# Workflow Practice

In this notebook, you’ll practice connecting to a SQLite database, creating tables from CSV files using Pandas, and writing SQL queries to explore the data.

The dataset comes from the [Bike Store Sample Database](https://www.kaggle.com/datasets/dillonmyrick/bike-store-sample-database) by Dillon Myrick. It models a fictional bike retailer with multiple stores, products, customers, and staff. Each table connects to others using foreign keys such as `customer_id`, `store_id`, and `product_id`.

You’ll:
- Connect to a local SQLite database
- Create tables using `pandas.to_sql()`
- Write and test SQL queries using `pd.read_sql()`

All of your work will take place directly in this notebook.
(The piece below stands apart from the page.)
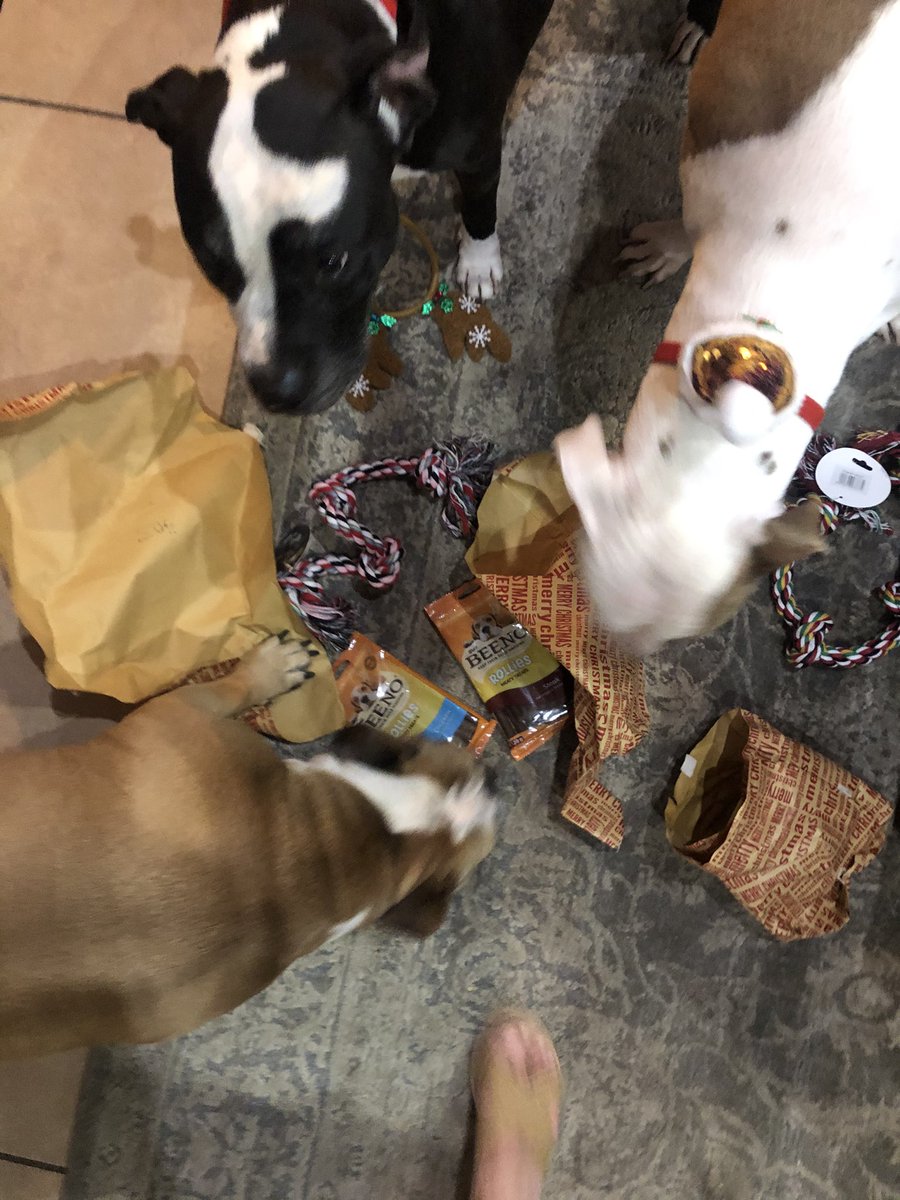 JoziPits's tweet photo. Mia, our other sister joined the festivities ... Annnnnnnd we got presents!! 🎁 (chew toys - to practice on our zomb defence) #raaaaaAAA #ZSHQ #zombiesquad @ https://t.co/vUfeYRPRbp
Each question prompt is written below as a Markdown cell, followed by an empty code cell for you to write your query.



## Step 1: Connect to the Database

Run the following cell to connect to (or create) a SQLite database called `bike_store.db`.  
If the file doesn’t exist yet, SQLite will automatically create it.


In [None]:
import sqlite3
import pandas as pd
import glob
import os



In [2]:
connection = sqlite3.connect("bike_store.db")
connection

<sqlite3.Connection at 0x21b6e109c60>


## Step 2: Create Tables from CSV Files

The `data/` folder contains one CSV file per table.  
Use `pandas.read_csv()` and `DataFrame.to_sql()` to load each file into your database.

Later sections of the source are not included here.